A POR OTRAS FUENTES. “El HAWC es de diez a quince veces más sensible y potente que el citado Fermi, y podrá detectar nuevas fuentes de fotones. Nos permitirá elaborar complejas simulaciones informáticas para entender los mecanismos físicos que aceleran los fotones de altas energías millones de veces más rápido que los aceleradores de partículas”, comenta Brenda Dingus, física del Laboratorio Nacional de Los Álamos (Nuevo México) e investigadora del nuevo observatorio.
Sandoval me conduce entre los tanques, que reflejan agresivamente el sol de estas alturas. Cada uno mide 5 m de alto por 7,3 m de diámetro y está forrado por dentro con una bolsa opaca negra formada por varias capas de materiales biotextiles y plásticos. Se llenan con agua cogida de la montaña y purificada in situ con un láser ultravioleta. Nos encaramamos sobre la claraboya de uno de ellos para ver la instalación del último fotomultiplicador –hay cuatro en cada tanque–, un delicado sensor de luz con aspecto de perla semiesférica de 30 cm de cristal ambarino.
“El color dorado de los fotomultiplicadores se debe al material que los recubre, llamado fotocátodo. Su misión es producir, a partir de un fotón, un electrón para que se acelere y se vaya multiplicando hasta conseguir que en el interior del detector el núme- ro de electrones aumente diez millones de veces”, explica Sandoval, admirado. El último fotomultiplicador ya está adosado al suelo. Cuando la tapa del tanque se cierre, quedará sumido en una oscuridad que habrá de durar los diez años de vigencia del proyecto.
Si un rayo gamma de altas energías procedente del espacio choca con la atmósfera terrestre, se desintegra en una cascada electromagnética que crea oleadas de electrones y positrones.
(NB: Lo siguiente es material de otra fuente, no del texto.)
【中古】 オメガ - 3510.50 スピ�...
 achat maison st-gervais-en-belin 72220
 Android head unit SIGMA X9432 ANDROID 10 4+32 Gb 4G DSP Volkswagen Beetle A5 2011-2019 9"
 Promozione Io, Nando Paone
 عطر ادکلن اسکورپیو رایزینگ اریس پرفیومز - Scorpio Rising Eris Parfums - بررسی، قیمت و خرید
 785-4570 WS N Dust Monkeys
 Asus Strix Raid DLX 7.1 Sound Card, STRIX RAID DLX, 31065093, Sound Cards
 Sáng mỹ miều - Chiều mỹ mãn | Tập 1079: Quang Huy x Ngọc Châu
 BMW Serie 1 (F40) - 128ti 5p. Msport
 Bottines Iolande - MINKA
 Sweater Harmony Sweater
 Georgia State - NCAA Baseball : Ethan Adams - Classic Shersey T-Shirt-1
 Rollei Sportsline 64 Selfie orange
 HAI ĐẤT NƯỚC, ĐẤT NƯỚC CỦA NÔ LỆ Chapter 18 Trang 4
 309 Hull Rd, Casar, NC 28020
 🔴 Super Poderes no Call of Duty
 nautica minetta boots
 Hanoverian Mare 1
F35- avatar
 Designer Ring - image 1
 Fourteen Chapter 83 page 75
Puesto que estos son materia y antimateria, se anulan cuando interactúan, lo cual produce más rayos gamma. El proceso se repite una y otra vez según van descendiendo de la atmósfera.
NO LLEGAN A LA PLAYA. Sandoval explica que, a medida que caen, “los electrones y positrones se van duplicando en número, y su energía queda reducida a la mitad. La máxima densidad de partículas se produce a unos 6 km de altitud. A partir de ahí se empiezan a desintegrar y muy pocos alcanzan el nivel del mar. Los rayos gamma solo se detectan a gran altura”.
Cuando las partículas llueven sobre el observatorio y se zambullen en el agua de los detectores –momento en que viajan a más velocidad que la de la luz–, dejan un etéreo rastro lumínico llamado radiación Cherenkov –por el físico ruso Pavel Cherenkov, premio Nobel en 1958– que apenas dura de cinco a diez nanosegundos. El efecto es similar a la onda de choque producida en la atmósfera por un avión supersónico, solo que las partículas, en vez de generar sonido, crean un cono visible de luz azul que es recogido por los detectores. Por eso el agua de los tanques debe ser tan pura: si tuviera polvo o elementos en suspensión, se absorbería la radiación.